The debut film of director Courtney Hunt, "Frozen River" is the big screen portrayal of an everyday story. We are in the USA of poverty, in the frontier zones. The regions of flannel shirts and jeans worn beyond their limits. Of cold and resignation, dirt and hunger, crime, and lost humanity. Ray, played by a monumental Melissa Leo, has been left penniless by her husband. She lives in a trailer with her two children, struggling to put something on the table that's more than popcorn for lunch. Then she discovers a business: transporting across the St. Lawrence River, the border between Canada and the USA, immigrants who want to illegally enter American soil. The region of the Mohawk natives aids this trade. It's the only way for her and Lila (Misty Upham) to make some money and at least try to provide a future for their children.
A film released almost 10 years ago that encapsulates all the desperation of the United States as it headed toward the abyss of an economic crisis.

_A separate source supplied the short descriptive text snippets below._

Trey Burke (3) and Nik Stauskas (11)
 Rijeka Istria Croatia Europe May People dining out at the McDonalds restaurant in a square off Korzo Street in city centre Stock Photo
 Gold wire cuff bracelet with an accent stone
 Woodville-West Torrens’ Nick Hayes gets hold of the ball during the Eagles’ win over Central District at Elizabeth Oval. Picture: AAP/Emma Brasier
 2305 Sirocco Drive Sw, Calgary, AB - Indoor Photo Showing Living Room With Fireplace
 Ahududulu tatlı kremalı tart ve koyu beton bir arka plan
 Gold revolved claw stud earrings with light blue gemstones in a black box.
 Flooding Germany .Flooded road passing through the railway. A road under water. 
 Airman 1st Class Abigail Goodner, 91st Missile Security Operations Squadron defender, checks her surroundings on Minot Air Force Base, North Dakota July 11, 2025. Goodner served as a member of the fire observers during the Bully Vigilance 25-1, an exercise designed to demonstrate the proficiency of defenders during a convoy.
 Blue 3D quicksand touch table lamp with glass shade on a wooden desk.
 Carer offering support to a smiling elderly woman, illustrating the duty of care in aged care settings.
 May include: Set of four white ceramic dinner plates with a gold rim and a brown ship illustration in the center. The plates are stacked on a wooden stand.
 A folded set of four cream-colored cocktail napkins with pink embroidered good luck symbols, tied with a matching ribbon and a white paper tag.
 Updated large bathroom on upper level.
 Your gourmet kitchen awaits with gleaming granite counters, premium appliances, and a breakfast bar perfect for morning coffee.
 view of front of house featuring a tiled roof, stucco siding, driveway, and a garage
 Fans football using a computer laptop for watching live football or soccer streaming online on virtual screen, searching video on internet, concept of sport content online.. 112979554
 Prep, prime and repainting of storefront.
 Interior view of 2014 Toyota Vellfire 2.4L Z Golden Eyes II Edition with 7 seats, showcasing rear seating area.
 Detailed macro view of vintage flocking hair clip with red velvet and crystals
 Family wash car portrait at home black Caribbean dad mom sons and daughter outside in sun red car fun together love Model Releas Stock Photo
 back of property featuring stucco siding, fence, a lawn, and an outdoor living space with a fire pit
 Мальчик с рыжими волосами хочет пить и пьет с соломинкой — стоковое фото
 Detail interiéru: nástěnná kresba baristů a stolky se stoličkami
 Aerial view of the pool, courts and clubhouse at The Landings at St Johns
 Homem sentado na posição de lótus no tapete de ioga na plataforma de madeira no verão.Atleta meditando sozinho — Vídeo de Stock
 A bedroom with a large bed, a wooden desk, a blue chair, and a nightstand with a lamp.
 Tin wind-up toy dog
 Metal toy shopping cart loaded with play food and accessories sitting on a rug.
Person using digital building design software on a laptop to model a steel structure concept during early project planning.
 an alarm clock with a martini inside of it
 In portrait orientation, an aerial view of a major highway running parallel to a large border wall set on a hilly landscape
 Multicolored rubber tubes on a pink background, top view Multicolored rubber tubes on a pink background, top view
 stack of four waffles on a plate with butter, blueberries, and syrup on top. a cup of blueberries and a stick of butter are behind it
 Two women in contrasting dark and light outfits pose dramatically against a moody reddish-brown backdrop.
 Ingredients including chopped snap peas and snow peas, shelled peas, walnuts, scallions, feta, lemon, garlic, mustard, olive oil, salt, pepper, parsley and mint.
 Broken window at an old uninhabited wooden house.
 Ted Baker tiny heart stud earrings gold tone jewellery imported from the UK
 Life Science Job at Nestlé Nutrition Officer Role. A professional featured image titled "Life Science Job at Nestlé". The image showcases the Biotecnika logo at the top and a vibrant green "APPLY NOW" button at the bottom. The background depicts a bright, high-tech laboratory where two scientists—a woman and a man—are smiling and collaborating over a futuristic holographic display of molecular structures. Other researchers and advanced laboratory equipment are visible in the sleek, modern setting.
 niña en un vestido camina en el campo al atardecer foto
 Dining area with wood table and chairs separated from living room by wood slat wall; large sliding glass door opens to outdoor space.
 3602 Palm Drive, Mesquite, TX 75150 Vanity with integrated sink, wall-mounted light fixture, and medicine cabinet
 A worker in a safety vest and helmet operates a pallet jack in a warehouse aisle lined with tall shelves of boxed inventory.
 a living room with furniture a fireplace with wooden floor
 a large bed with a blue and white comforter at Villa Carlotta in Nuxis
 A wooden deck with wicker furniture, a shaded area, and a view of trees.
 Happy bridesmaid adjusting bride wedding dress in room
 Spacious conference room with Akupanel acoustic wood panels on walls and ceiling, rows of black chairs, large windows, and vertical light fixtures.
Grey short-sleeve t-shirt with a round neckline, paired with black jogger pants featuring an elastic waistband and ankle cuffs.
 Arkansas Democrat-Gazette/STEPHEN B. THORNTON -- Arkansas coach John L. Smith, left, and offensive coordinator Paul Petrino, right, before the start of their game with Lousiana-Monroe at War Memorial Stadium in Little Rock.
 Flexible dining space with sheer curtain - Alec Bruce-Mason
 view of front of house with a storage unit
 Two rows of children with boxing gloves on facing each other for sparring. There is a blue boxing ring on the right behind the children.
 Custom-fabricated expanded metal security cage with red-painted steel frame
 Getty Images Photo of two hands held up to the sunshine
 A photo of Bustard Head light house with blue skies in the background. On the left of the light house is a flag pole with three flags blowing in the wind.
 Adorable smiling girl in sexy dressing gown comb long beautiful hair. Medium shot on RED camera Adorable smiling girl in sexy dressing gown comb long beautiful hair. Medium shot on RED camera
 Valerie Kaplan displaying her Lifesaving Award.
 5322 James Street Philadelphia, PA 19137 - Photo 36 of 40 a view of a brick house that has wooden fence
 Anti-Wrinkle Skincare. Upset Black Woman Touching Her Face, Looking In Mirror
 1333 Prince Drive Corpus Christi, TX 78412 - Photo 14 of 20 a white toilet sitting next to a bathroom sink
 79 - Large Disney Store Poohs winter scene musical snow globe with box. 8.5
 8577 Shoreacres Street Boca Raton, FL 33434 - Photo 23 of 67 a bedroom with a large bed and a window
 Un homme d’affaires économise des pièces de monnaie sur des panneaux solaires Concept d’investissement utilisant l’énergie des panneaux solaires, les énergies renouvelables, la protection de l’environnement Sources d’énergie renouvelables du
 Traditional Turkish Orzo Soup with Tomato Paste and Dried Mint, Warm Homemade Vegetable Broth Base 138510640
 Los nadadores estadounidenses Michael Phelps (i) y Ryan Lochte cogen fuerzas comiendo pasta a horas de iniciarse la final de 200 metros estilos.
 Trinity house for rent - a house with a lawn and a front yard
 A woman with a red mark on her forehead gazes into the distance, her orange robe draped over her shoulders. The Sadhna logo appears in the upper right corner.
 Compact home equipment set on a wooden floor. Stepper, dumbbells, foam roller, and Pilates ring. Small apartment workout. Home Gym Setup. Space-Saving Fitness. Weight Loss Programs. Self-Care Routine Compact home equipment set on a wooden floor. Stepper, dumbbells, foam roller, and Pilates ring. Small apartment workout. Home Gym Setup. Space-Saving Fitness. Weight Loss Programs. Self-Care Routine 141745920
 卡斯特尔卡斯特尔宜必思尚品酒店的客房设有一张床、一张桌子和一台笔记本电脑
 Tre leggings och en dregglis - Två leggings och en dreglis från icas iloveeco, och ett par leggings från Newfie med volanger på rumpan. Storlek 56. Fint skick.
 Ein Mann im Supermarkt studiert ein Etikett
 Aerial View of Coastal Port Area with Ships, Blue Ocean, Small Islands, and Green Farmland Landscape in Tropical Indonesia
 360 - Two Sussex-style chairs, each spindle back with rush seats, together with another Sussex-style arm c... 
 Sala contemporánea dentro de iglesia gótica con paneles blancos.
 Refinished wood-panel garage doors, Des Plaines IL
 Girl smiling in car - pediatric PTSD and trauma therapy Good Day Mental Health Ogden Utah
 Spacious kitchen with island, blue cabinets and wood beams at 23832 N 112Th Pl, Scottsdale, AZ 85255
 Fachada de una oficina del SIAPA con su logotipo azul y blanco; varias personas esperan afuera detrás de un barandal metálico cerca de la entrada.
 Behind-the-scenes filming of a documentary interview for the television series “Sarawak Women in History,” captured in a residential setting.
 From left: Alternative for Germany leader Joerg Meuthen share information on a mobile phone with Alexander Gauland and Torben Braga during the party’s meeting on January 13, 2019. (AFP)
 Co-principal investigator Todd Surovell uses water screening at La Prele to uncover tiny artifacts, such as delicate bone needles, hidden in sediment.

While it's true that Ray is abandoned by her husband, job opportunities also seem lacking to maintain a minimally dignified level of life. The director doesn't succumb to rhetoric, doesn't aim to soften the audience, and avoids the typical sappiness that distorts films of this kind. She remains firmly anchored to reality, creating a true frontier film/documentary, that appears as real as the daily life of the story told. Hunt follows the characters closely with the camera, avoiding static shots, in order to create a mood that almost seems to stylistically underline the precariousness of the characters' lives. Life is precarious, economic conditions are precarious, crossing a frozen river and dealing with the Chinese mafia is precarious. The two women are heroines of a broken world, struggling not to lose what little humanity remains.
Such little cinematic jewels that do not submit to a market that, after having destroyed independent and genre cinema, has achieved its primary aim: to produce only blockbusters and bring everyone back in front of the TV with the proliferation of TV series, are increasingly rare. In this scenario, "Frozen River" is a small yet great gem of old-school cinema, visually ungraceful and tremendously real. No artificiality, but real and everyday drama for those confined to the margins.